25.09.18

По ту сторону Гоголя

«Гнезда культуры» посвящены материям, которые сложно увидеть и, тем более, «пощупать» — личным, не всегда очевидным связям между людьми. В разреженном контексте российской жизни XIX века, состоявшего из отдельных явлений, «гнезда» — это не типологическая единица измерения культуры, но вполне конкретные феномены одного «кружка Станкевича» и одной семьи Аксаковых: отца и знаменитых его сыновей. По сути, это две разные книги, объединенные под одной обложкой, вполне традиционные истории в духе «Жизнь замечательных людей», которые можно прочесть и порознь.

Хотя некоторые герои переходят из одного гнезда (кружок) в другое (семья), и даже третье — так, например, Виссарион Белинский, оказывается, весьма мощно повлиял на харьковский театральный кружок, описанный в новой книге Юрия Манна «Карпо Соленик: „Решительно комический талант”», посвященной выдающемуся актеру провинциальной сцены.

Действие этой биографии происходит в основном в Харькове и еще чуть-чуть в Одессе — ведь именно в двух этих городах выступал комик с сильным польским акцентом, коего так сильно ценили современники, в том числе Николай Гоголь и Михаил Щепкин. «Выполняя роли из произведений Грибоедова, Гоголя, Мольера, — Соленик, касательно заслуг своих в этом случае, стоял, быть может, наравне с этими писателями».
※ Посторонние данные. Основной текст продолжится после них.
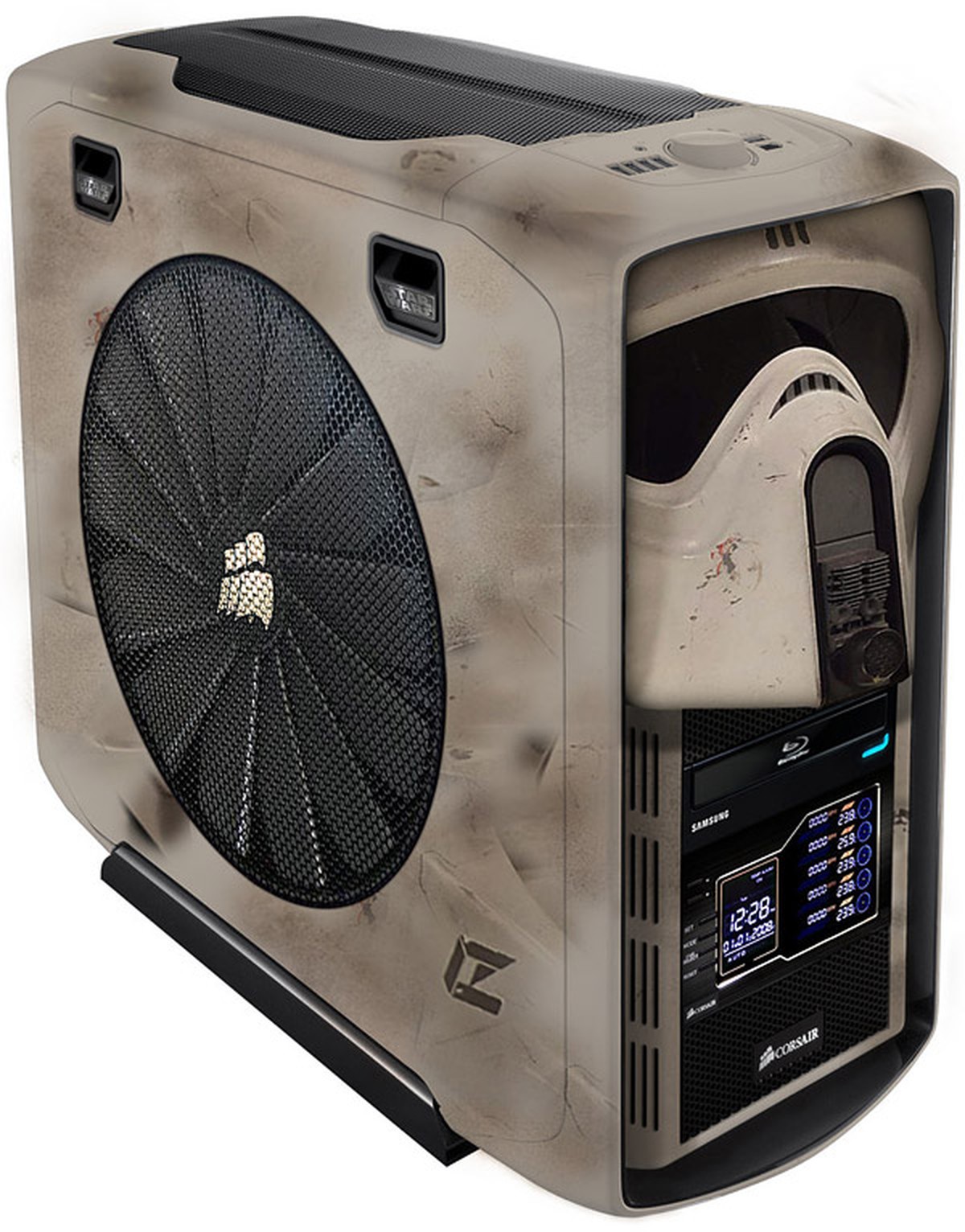 Pc star. Корпус ПК Star Wars. Моддинг корпус ПК Star Wars. Corsair Star Trooper корпус. Необычные корпуса для ПК.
Цитируя рецензента XIX века, Юрий Манн, стиль которого обычно лишен избытка риторических фигур, не удерживается в предисловии к своей максимально уравновешенной монографии от восклицания: «Наравне с Грибоедовым, Гоголем, Мольером! Даже если такой отзыв не вполне справедлив, художник, вызвавший его, достоин внимания. Но, как мы увидим в дальнейшем, подобные похвалы были не так уж преувеличены, и в этом случае значимость Соленика возрастает во много раз. Он представляет живой интерес для самого широкого читателя. Он заслуживает большего, чем это было до сих пор, внимания исследователей…», которые за советское время не удостоили Соленика ни одним специальным описанием. Максимум, чего удостаивался этот актер, — беглых, перечислительных упоминаний в обзорах по истории русского театра. Но это ведь именно Гоголь, в письме своем называя Соленика «решительно комическим талантом», хотел чтобы актер участвовал в премьере «Ревизора» на сцене Александринского театра.

Соленик, видимо, отказался — в афише имя его не упоминается. Понятно отчего: Карпо Соленика звали работать в столицы (тот же Щепкин) неоднократно, но актер предпочитал «быть первым в деревне» и играть только в провинции. Это обстоятельство позволяет Манну углубиться в историю харьковского театра и дать то, что в советском искусствознании называлось «широкой панорамой общественной и культурной жизни», из-за чего реплика Аркадиной в «Чайке» («Как меня принимали в Харькове») приобретает совершенно иной смысл абсолютного, свершившегося триумфа.

Если верить исследованиям Манна, харьковская сцена тогда могла вполне соперничать со столичной, едва ли не опережая московскую, так что почетное третье место в театральной империи было ей обеспечено по праву. Не в последнюю очередь из-за творчества Карпо Соленика и его коллег, которых очень ценил неистовый Виссарион.

То, что Соленик неосознанно (?) боролся с устаревшей ложно классической риторикой и служил утверждению на сцене «естественных» интонаций и реалистических подходов, не в последнюю очередь вызвано распространением натуральной школы, имевшей в Харькове агентов влияния.
Манн рассказывает историю небольшого, но влиятельного кружка, сложившегося при харьковском театре (Андрей Данилов, Александр Кульчицкий, брат и сестра Андрей и София Кронеберг, Василий Боткин), на свидетельствах которых — письмах, воспоминаниях и рецензиях — он в основном и строит исследование.

Ведь понятно же, что от искусства Соленика вообще ничего не сохранилось — даже изображений. История не удостоила харьковского актера ни одним портретом, так что даже о внешности его мы можем судить только с чужих слов, которые Манн приводит в полном объеме, так как их тоже немного.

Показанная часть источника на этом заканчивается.